Compared to What? Baselines and Metrics for Counterfactual Prompting

Compared to What? Baselines and Metrics for Counterfactual Prompting

相比于什么?反事实提示的基准与度量

Abstract: Counterfactual prompting (i.e., perturbing a single factor and measuring output change) is widely used to evaluate things like LLM bias and CoT faithfulness. But in this work we argue that observed effects cannot be attributed to the targeted factor without accounting for baseline “meaning-preserving” modifications to text that establish general model sensitivity. This is because every counterfactual edit is a compound treatment that bundles the variable of interest with incidental surface-form variation; this violates treatment variation irrelevance.

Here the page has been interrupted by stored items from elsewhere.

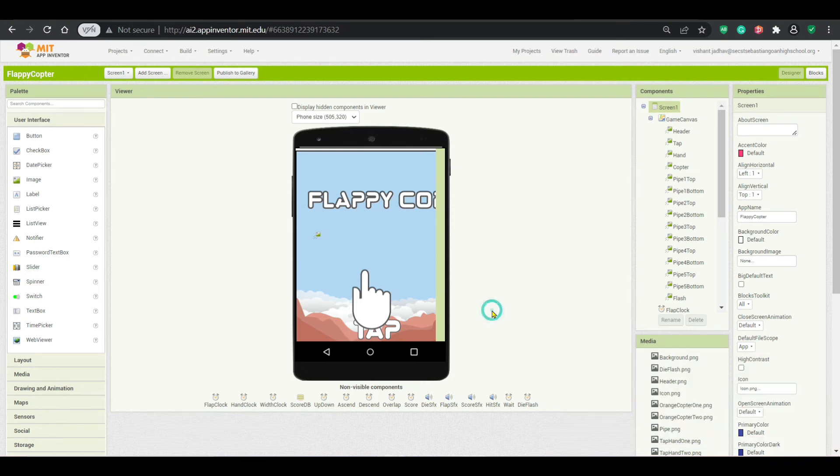Hello App Inventor. In this tutorial, I am going to show you.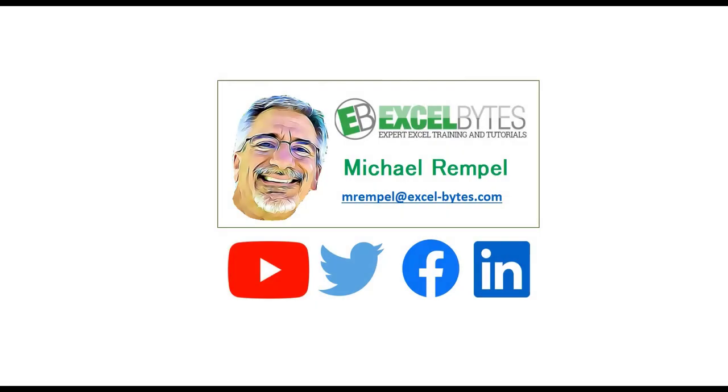So thanks for watching this video. If you enjoyed it, please give it a thumbs up. And if you haven't subscribed yet, please do so to any of the social networks you see here. Thanks a lot. Have a great day, and happy excelling.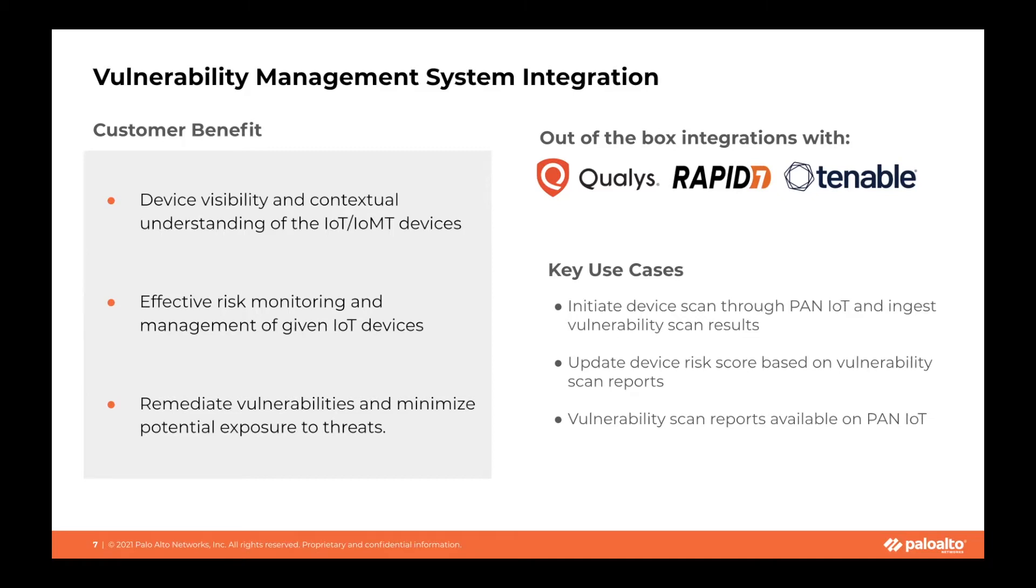Through Vulnerability System integration, customers can quickly and easily identify, investigate, and prioritize the remediation of vulnerabilities and misconfigurations in their environment to reduce risk and minimize their exposure to threats.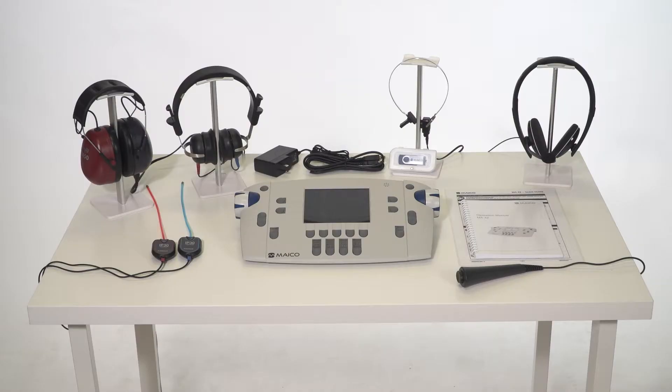This demo is to show you how to set up and use the MA42 diagnostic audiometer. Carefully unpack all items from the shipping box.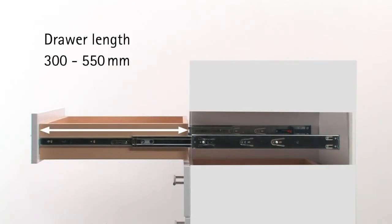Runner length is determined by drawer length. Ball bearing full extension runners from the Hettik DIY store range are available for drawers in a length of 300 to 550 mm.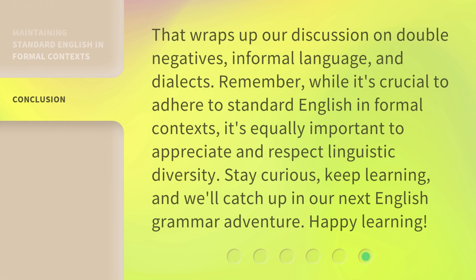That wraps up our discussion on double negatives, informal language, and dialects. Remember, while it's crucial to adhere to standard English in formal contexts, it's equally important to appreciate and respect linguistic diversity. Stay curious, keep learning, and we'll catch up in our next English grammar adventure. Happy learning!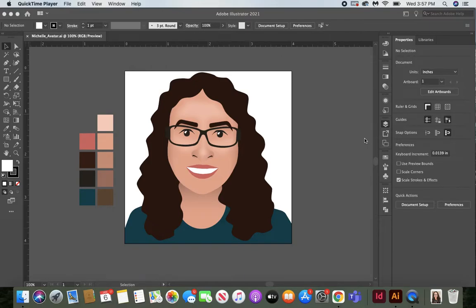For today's assignment you guys are going to be creating your own avatar in Adobe Illustrator.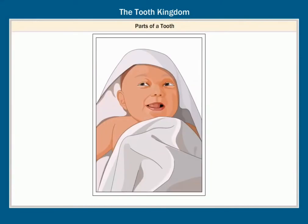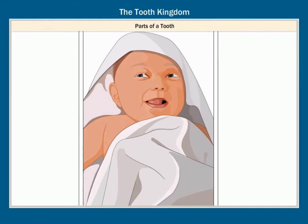Have you seen a newborn baby or your baby photos? You will notice that newborn babies have no teeth. But in reality, they do have teeth. They just cannot be seen.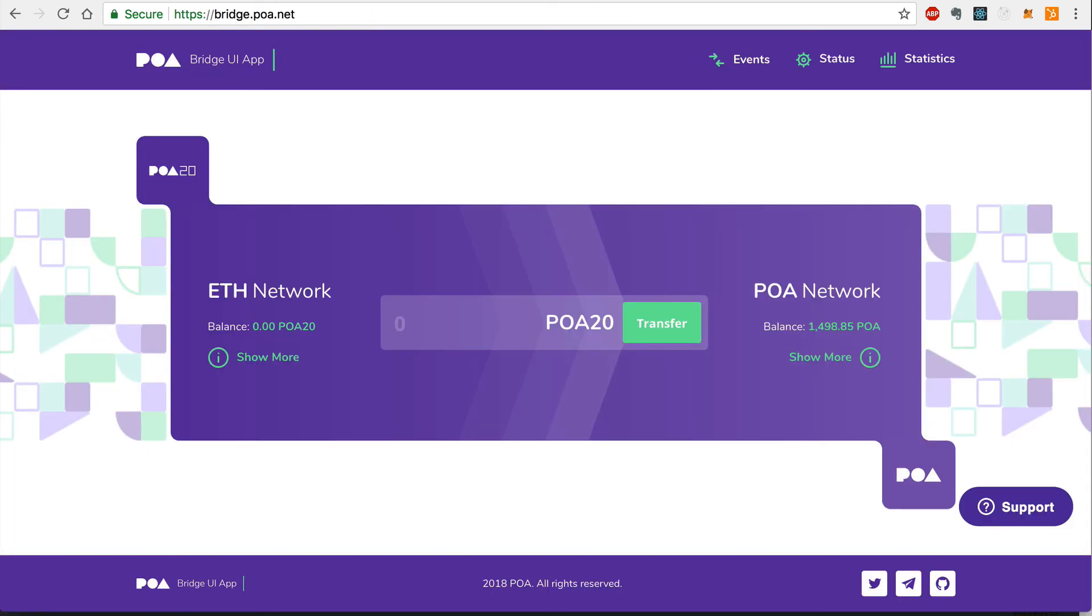Once this transaction is completed, we can also verify that the POA20 balance has been transferred to the POA network by checking the POA balance on the Bridge homepage here. And now this transfer is complete. And that's it. That's how easy it is to transfer POA20 tokens to the POA network with the POA Network Bridge without using MetaMask.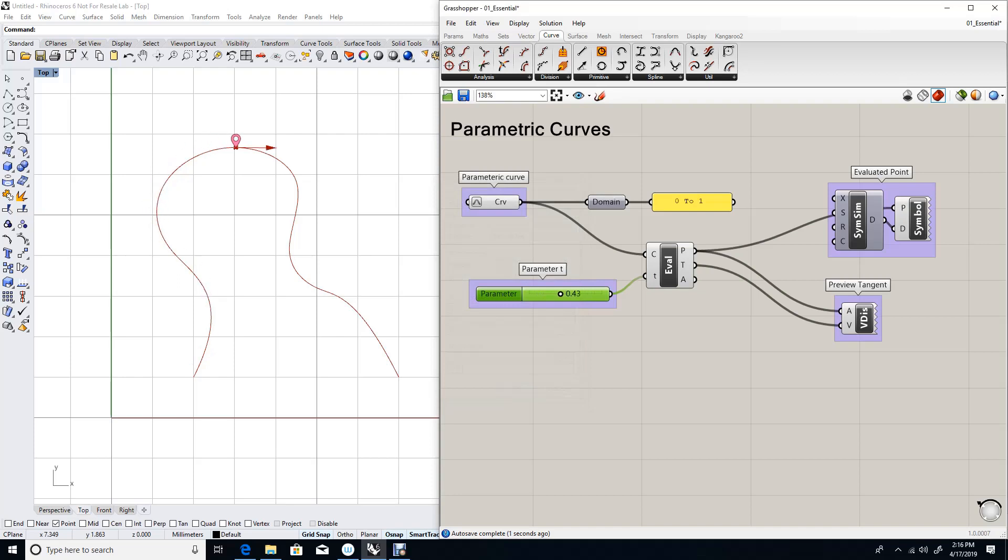And remember, my domain changed, but the 3D space, which is my curve, did not change.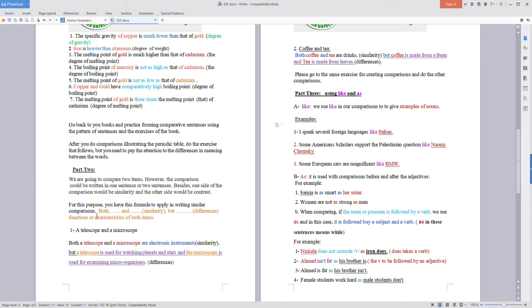Both...and expresses similarity. But is followed by differences. The differences would be about the functions and characteristics of the compared items.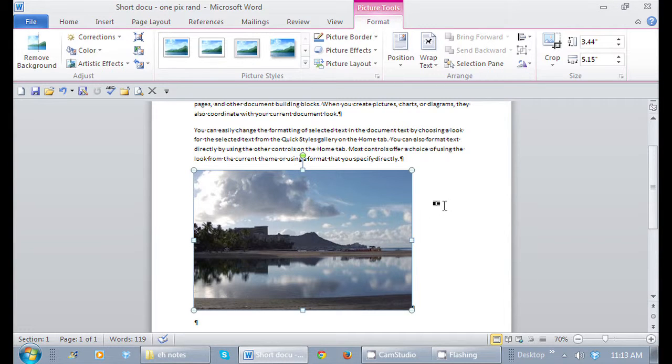And now I can email it. So that's how to reduce picture file size in Word. This is Crystal. See you soon.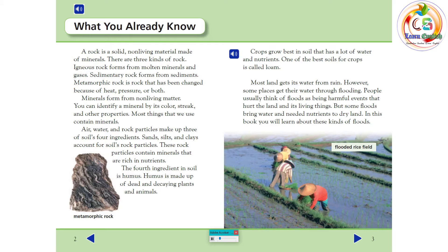One of the best soils for crops is called loam. Most land gets its water from rain. However, some places get their water through flooding. People usually think of floods as being harmful events that hurt the land and its living things. But some floods bring water and needed nutrients to dry land. In this book, you will learn about these kinds of floods.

摘要: 反事实提示(即扰动单一因素并测量输出变化)被广泛用于评估大语言模型(LLM)的偏见和思维链(CoT)忠实度等问题。但在本研究中,我们认为,如果不考虑旨在建立模型通用敏感性的基准“意义保留”文本修改,就无法将观察到的效应归因于目标因素。这是因为每一次反事实编辑都是一种复合处理,它将感兴趣的变量与附带的表面形式变化捆绑在一起;这违反了处理变异无关性(treatment variation irrelevance)。

We observe prediction flip rates on MedQA of 14.9% when we surgically change patient gender. However, this is statistically indistinguishable from the flip rates induced by simply paraphrasing inputs (14.1%). In this case, it would therefore be unwarranted to conclude that the LLM is especially sensitive to patient gender.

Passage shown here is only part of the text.